Ibm: integrazione, semplificazione e libertà di scelta con PureSystems
13 Aprile 2012I nuovi sistemi Ibm, per cui l'azienda ha investito due miliardi di dollari, si indirizzano al midrange, coinvolgendo 2.000 Business Partner
Per Ibm, l'annuncio della nuova famiglia di sistemi PureSystems non si limita a una semplice novità di prodotto, ma abbraccia un discorso molto più ampio tanto che Enrico Cereda, vice president Systems & Technology Group lo definisce “un annuncio epocale che cambierà i paradigmi all'interno dell'It”.
Si tratta di un progetto su cui Ibm lavora da due anni e per il quale ha investito due miliardi di dollari.
L'offerta propone innovazioni particolarmente significative per il mercato italiano e per i 2.000 Business Partner che potranno beneficiare di nuove opportunità di business.
La famiglia presentata, declinata in due modelli, PureFlex System e Pure Application System, il primo orientato all'infrastruttura e quindi all'hardware e il secondo alle applicazioni, è caratterizzata da una sempre più spinta integrazione tra hardware e software e da un concetto di It che Ibm mutua dal mondo consumer.
“Con le debite differenze e considerando la maggiore complessità del mondo business, l'idea che sta alla base dei nuovi sistemi è quella di poter usufruire di macchine dove l'informatica sia invisibile, proprio come è avvenuto per i dispositivi consumer - spiega Cereda -. Vogliamo creare efficienza all'interno dei sistemi informativi, così come semplicità e controllo”.
“La macchina - precisa il manager - integra tutte le capabilities di server, storage, networking dando vita a sistemi sicuri, automatizzati e semplici da gestire. A differenza dei nostri competitor (Oracle, Cisco e Hp) che offrono soluzioni chiuse, noi diamo maggiore flessibilità e libertà di scelta al cliente. In altre parole i clienti possono decidere quali storage montare, quale networking e quale virtualizzatore e in questo caso la scelta varia tra PowerVm, Kvm, Hyper-V e VmWare”.
Dal punto di vista del posizionamento la famiglia PureSystems, che ha preinstallati, preconfigurati e preottimizzati i due software Db2 e Websphere, si inserisce nella fascia intermedia del portafoglio Ibm.
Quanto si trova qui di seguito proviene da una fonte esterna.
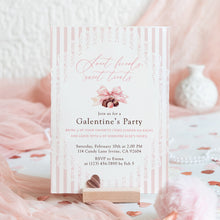 Load image into Gallery viewer, 0801 Pink Coqutte Valentine's Party Gift Exchange Party Invite, Galentine's Ladies Night, Digital Download
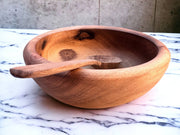 Moroccan Walnut Wood Salad Bowl Set 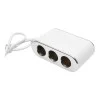 Adaptor bricheta auto tripla 12/24V, iluminata LED, cu intrerupator individual si 1 port USB, 5V, 2.1A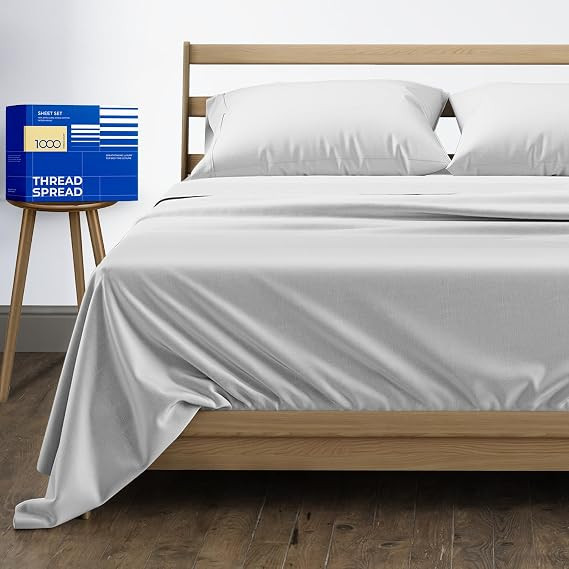 THREAD SPREAD Egyptian Cotton Sheets King Size - 4 Pc 1000 Thread Count Light Gray Bed Sheet Set,... | Amazon (US)
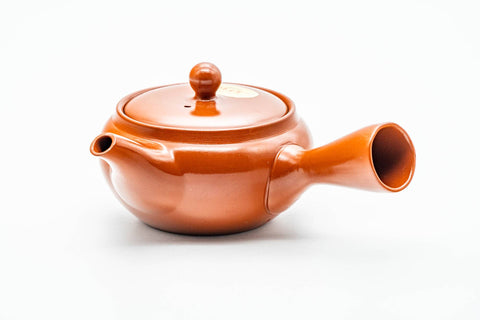 Japanese Kyusu - Red Shudei Tokoname-yaki Obi-ami Mesh Teapot - 325ml - rear three-quarter view with the handle extended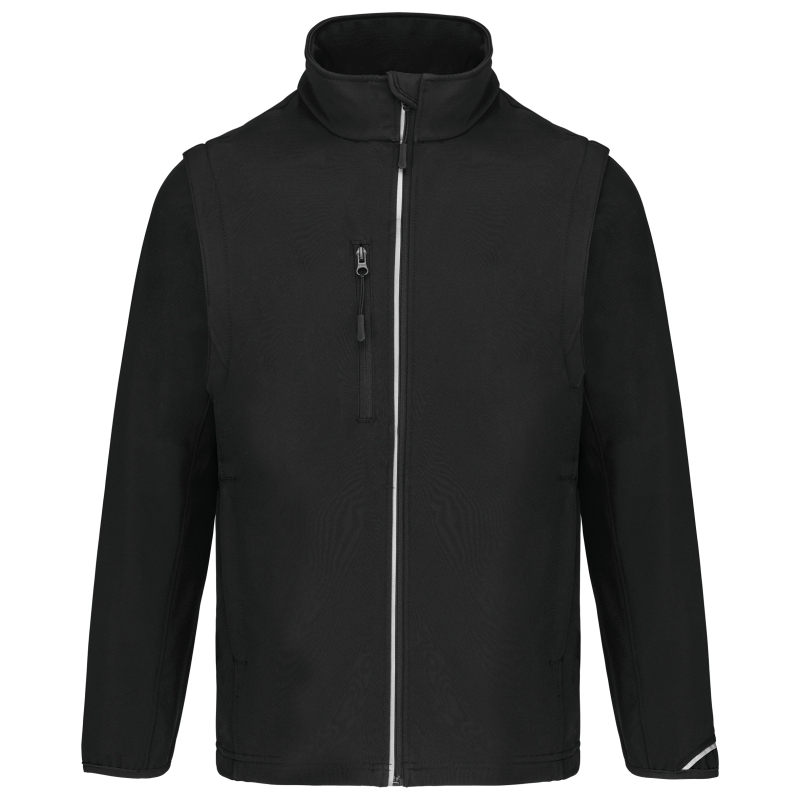 Veste softshell sport manches amovibles unisexe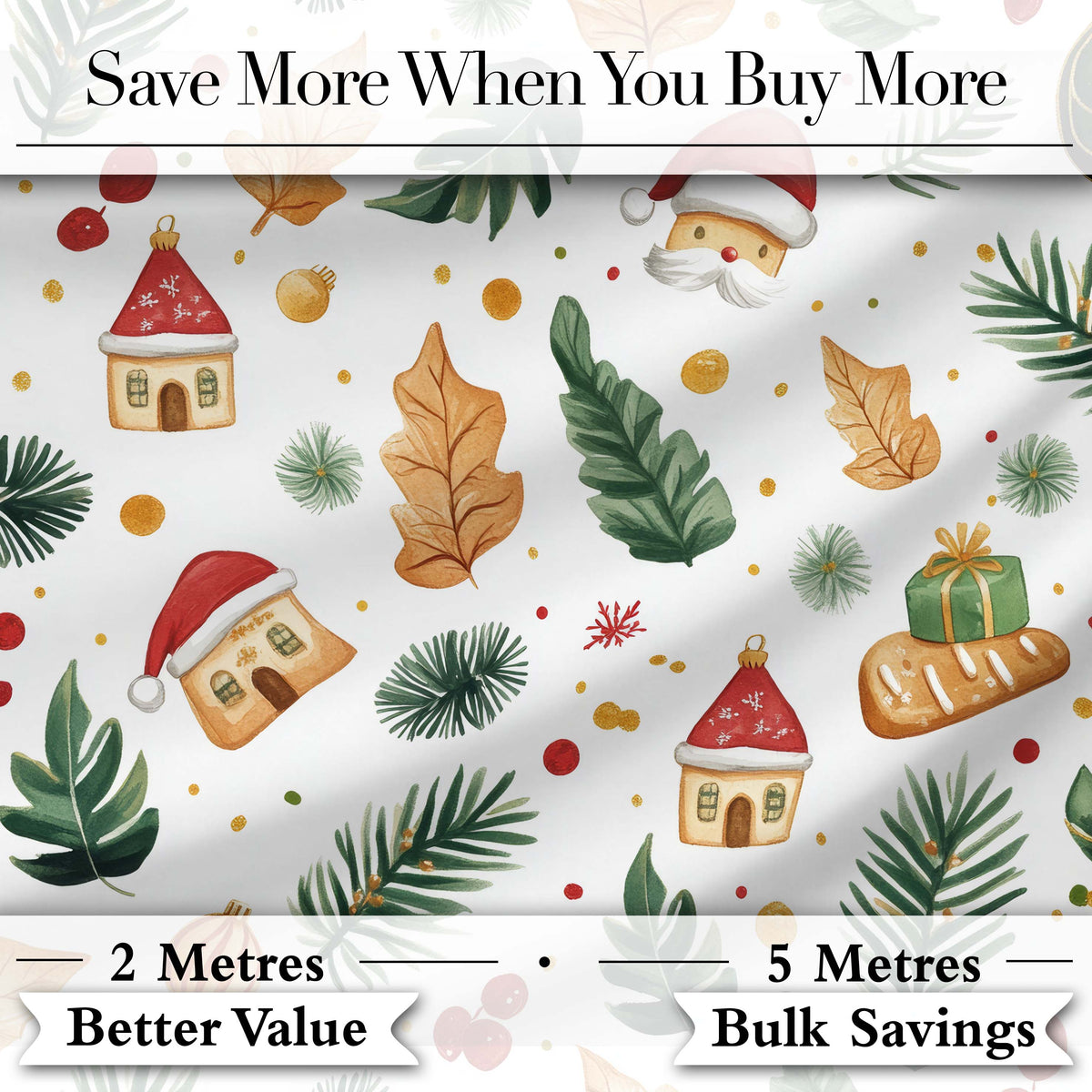 Watercolor Christmas Leaves Santa Hat House Ornament Seamless Pattern Digital Print Fabric by the Metre UK Sewing Quilting Textile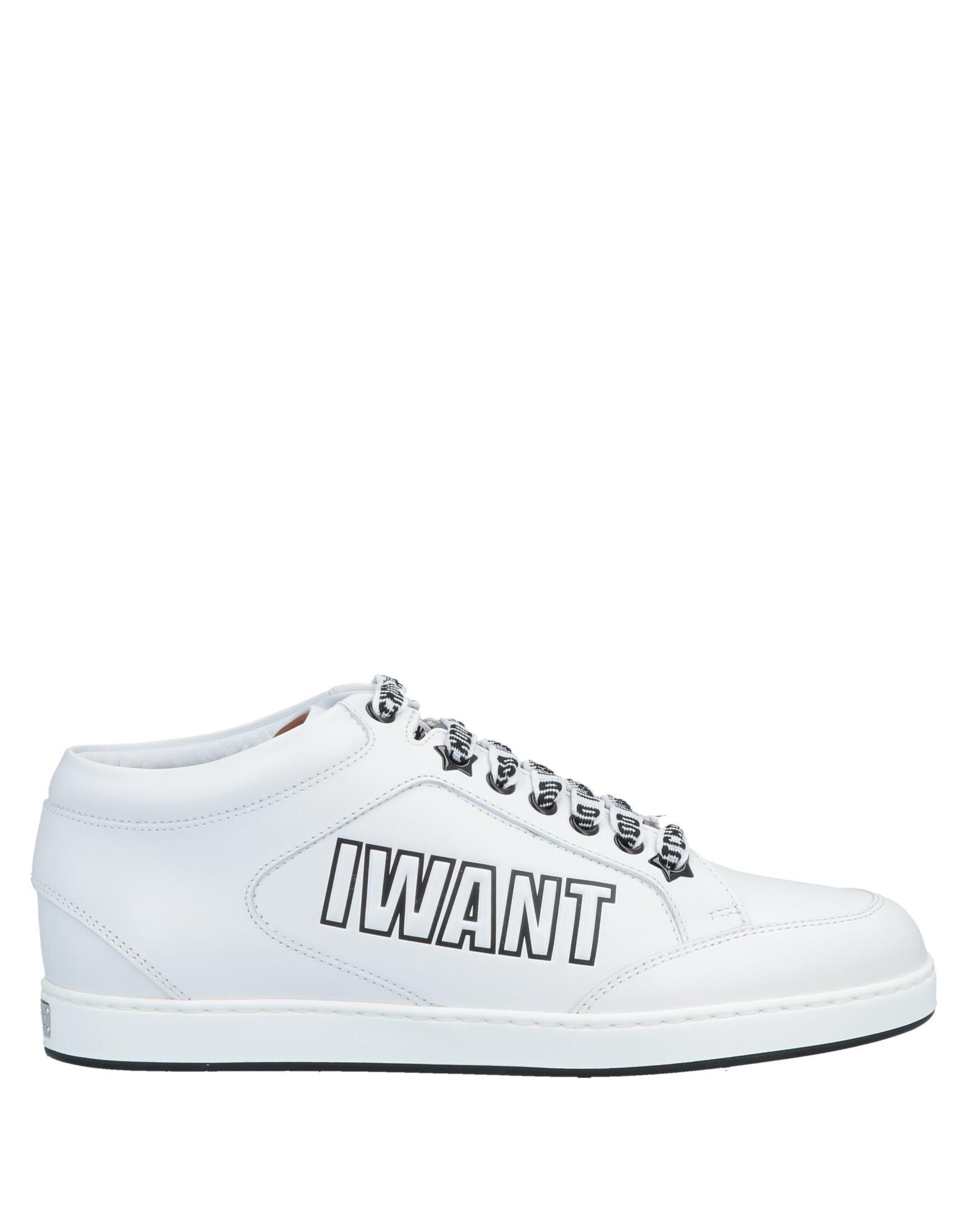 Jimmy Choo Women's Shoes Leather Trainers Sneakers Miami in White ...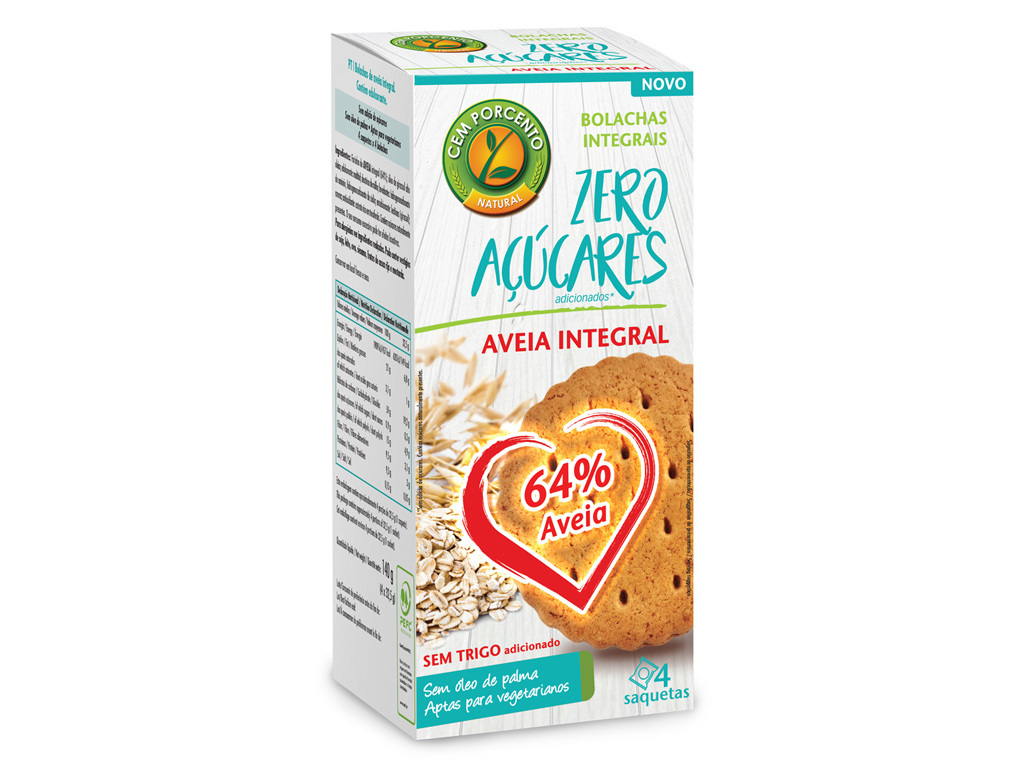 BOLACHA AVEIA CEM PORCENTO SEM AÇÚCAR ADICIONADO 140G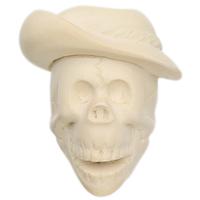 AKB Meerschaum Carved Skull with Hat (with Case)
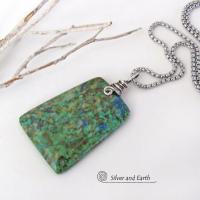 Azurite Malachite Blue Green Pendant Necklace - Modern Simplistic Gemstone Jewelry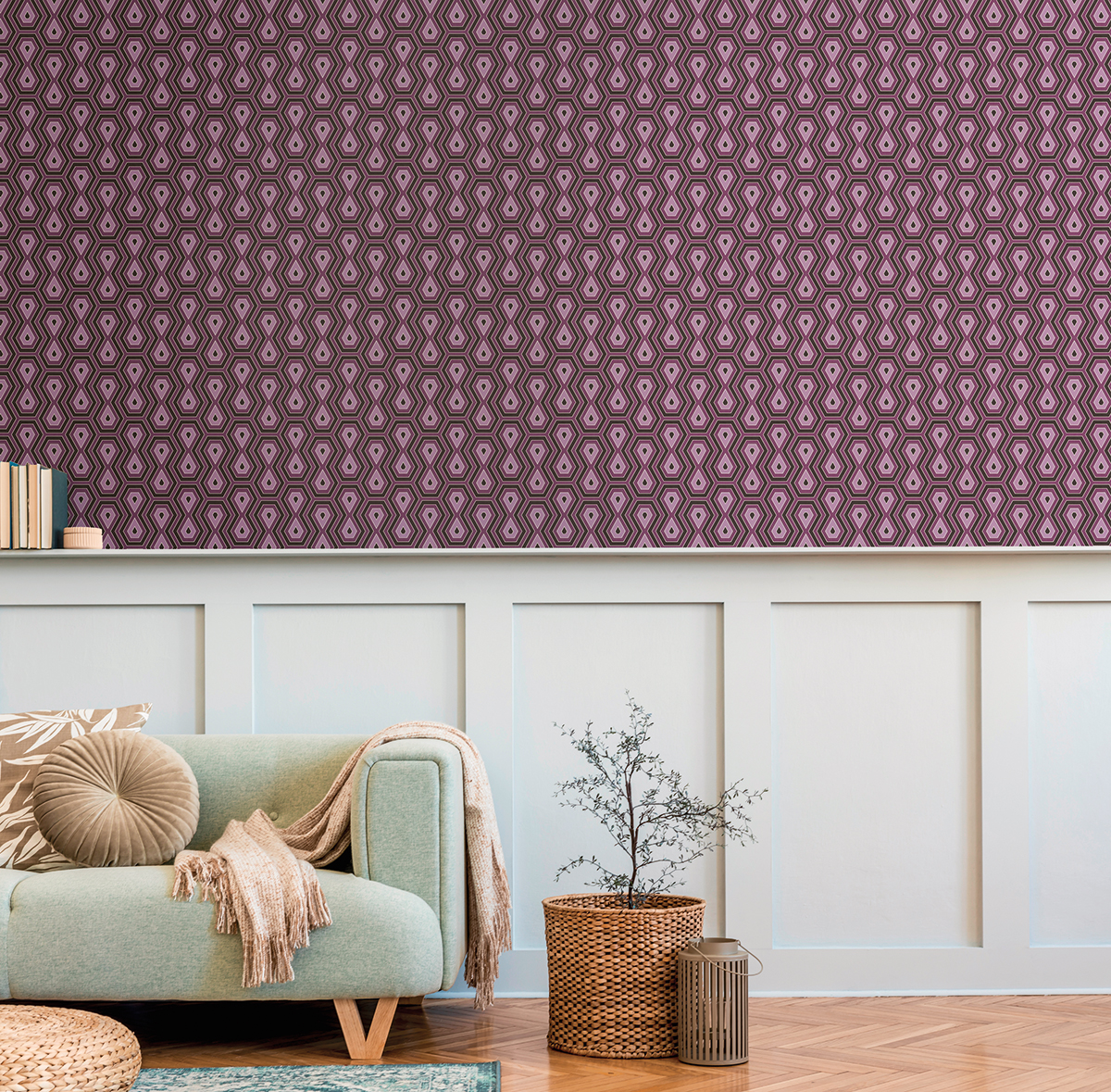 Papier peint Géométrique Sablier violet - Jungle Chic d'Architects Paper | Réf. 37707-3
“Vogliamo precisare - spiega Alessandro De Bartolo, manager of System x Buiness Unit Ibm Italia - che le macchine non sostituiscono le linee di server attuali le quali vengono mantenute mentre, parallelamente, introduciamo queste nuove”.
Una fascia di mercato, quella del midrange, particolarmente appetibile per i Bp italiani che hanno un vantaggio competitivo rispetto a partner della concorrenza, proprio grazie alle competenze applicative che li caratterizzano e che potranno mettere a frutto su queste macchine.
“Stiamo lavorando attivamente con il canale di Computer Gross, - sostiene Cereda - storicamente attivo su As/400
che ha una base installata sul nostro Paese piuttosto ampia, sulla quale le terze parti potranno lavorare andando a consolidarne l'infrastruttura (consolidation without migration, consolidamento senza migrazione è infatti lo slogan che riassume il lancio dei sistemi), ma anche con i dealer di Tech Data ed Esprinet per aggredire ulteriormente il mercato delle Pmi”.
“Analogamente - prosegue Cereda - offriamo opportunità interessanti per gli Isv. Grazie all'Ibm PureSystems Centre sarà possibile scaricare applicazioni di Isv con cui Ibm ha fatto accordi, per ora un centinaio, tra cui Sap, mentre in Italia sono stati avviati accordi con partner locali. Questi Isv, previa certificazione, saranno inseriti nel programma Ready for Ibm PureSystems program che permette di vendere le proprie applicazioni anche oltre i confini italiani”.
Il lancio della nuova famiglia si affianca a nuovi programmi di finanziamento di Ibm Global Financing che non richiedono costi aggiuntivi anche in caso di ritardo nei pagamenti e a un programma di incentivi a fronte del ritiro/sostituzione di macchine Hp, Cisco, Oracle.